Location
- (formerly located at) 5935 Feldwood Road 5AA-South College Park, Georgia 30349 United States 33°35′33″N 84°31′6″W﻿ / ﻿33.59250°N 84.51833°W

Information
- Type: Public high school
- Principal: Billy Jones
- Grades: 8 - 12
- Years offered: 1976 - 1988
- Campus: Suburban
- Colors: Red, white, and blue
- Mascot: Flames
- Yearbook: Embers
- Website: https://www.facebook.com/feldwoodflames

= Feldwood High School =

Feldwood High School was a public high school in unincorporated Fulton County, Georgia, United States. It was a part of the Fulton County School System. The school opened in the fall of 1976 as a result of growth and split class sessions at M.D. Collins High School. In recognition of the bicentennial year, the colors selected for the school were red, white, and blue.

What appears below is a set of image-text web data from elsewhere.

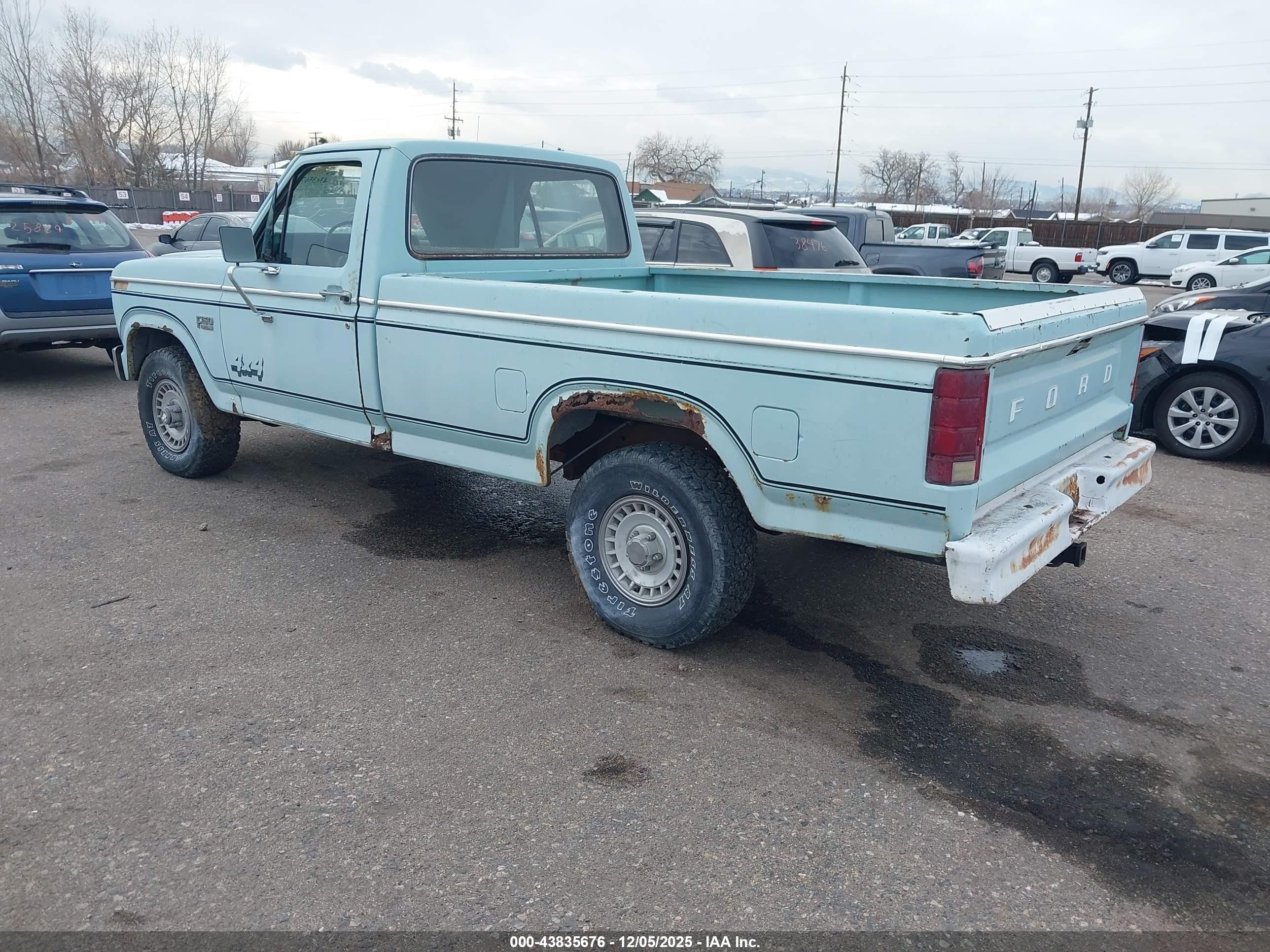1982 Ford F150   Light Blue vin: 1FTEF14FXCPA06361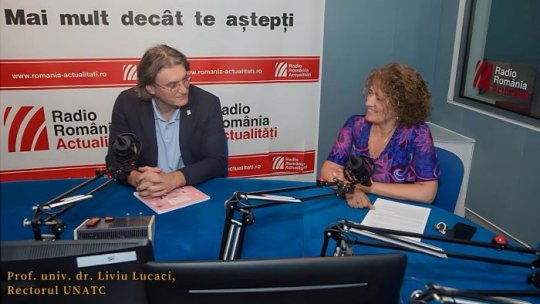 Liviu Lucaci, rector UNATC: Avem o creștere explozivă de candidați. Arta creează identitate, stimă de sine și încredere
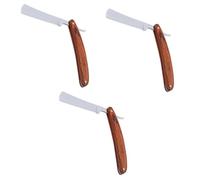 DEARMAMY 3 Pièces rasoir vintage shaver rasoirs Rasoir traditionnel Rasoir de salon Rasoir de rasage rasoir de sureté rasoir coupe choux razoir safety razor rasoir shavetastic rasoir droit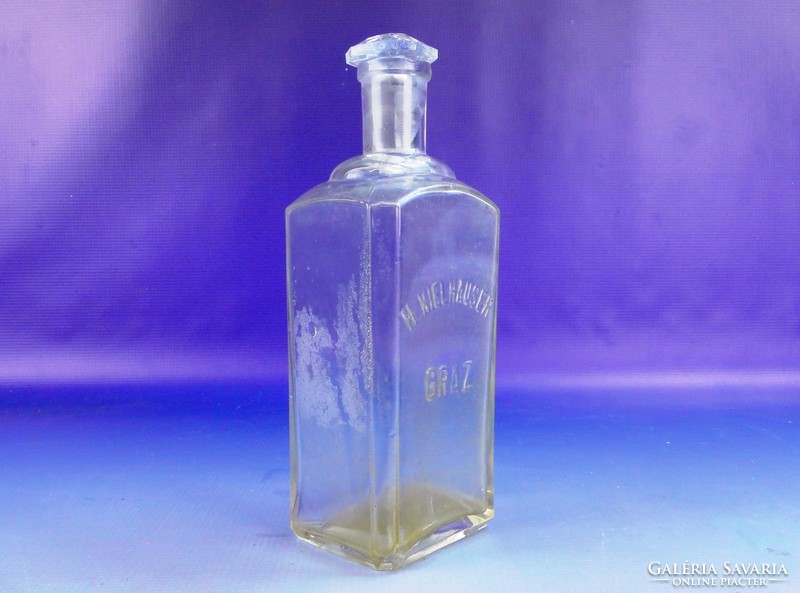 0F663 Antik osztrák gyógyszertári patika üveg
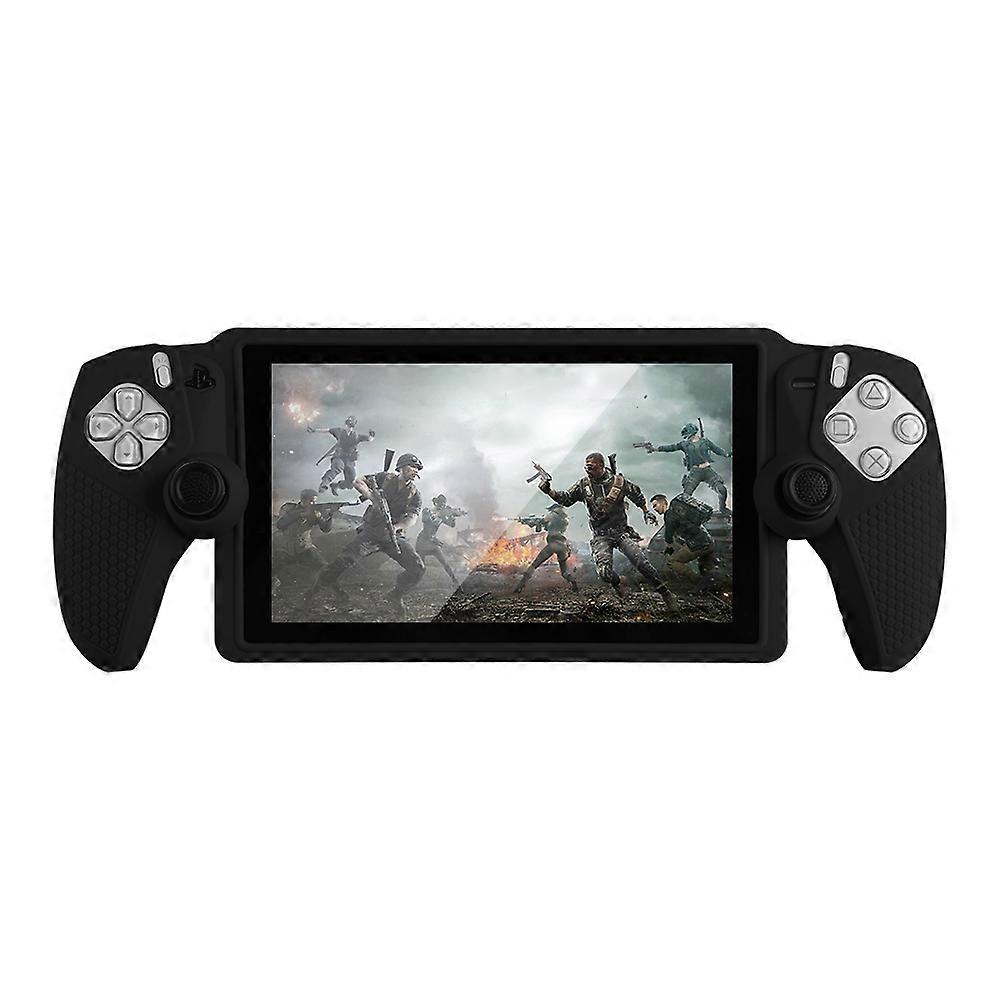 For Sony PlayStation Portal Silicone Protective Case Anti Slip Handheld Game Console Shockproof Cove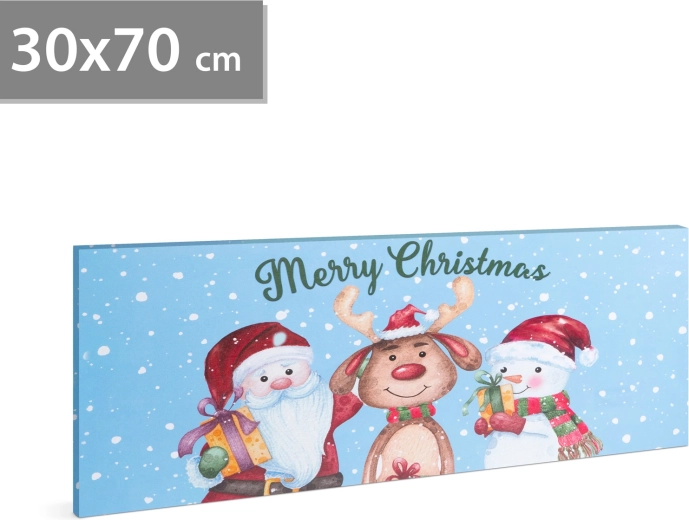 Χριστουγεννιάτικος πίνακας LED τοίχου 70 × 30 cm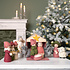 Sjaal met Verhaal Felt Nativity Scene cyclaam/oudroze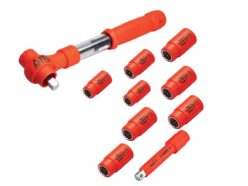 Insulated 1/2in Drive Metric Torque Wrench Kit, 10 Piece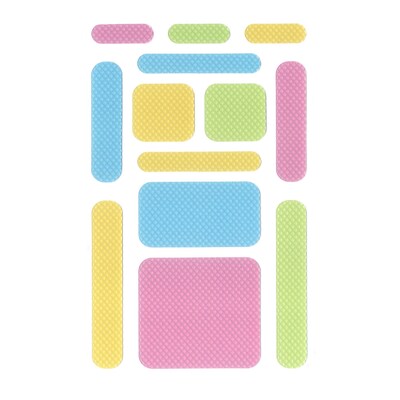The Pencil Grip Zen Strips, Bumpy Pastel, 78/Pack (TPG88206)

In 1988 the school closed and combined again with M.D. Collins High School to form Banneker High School (Georgia) on the Feldwood campus. The merger happened as a result of a consolidation plan to reduce the costs of the school system, comply with new state laws mandating minimum attendance numbers for government funded schools, and upgrade course offerings within all schools in the county.

In addition to serving some unincorporated areas, it also served sections of the city of College Park.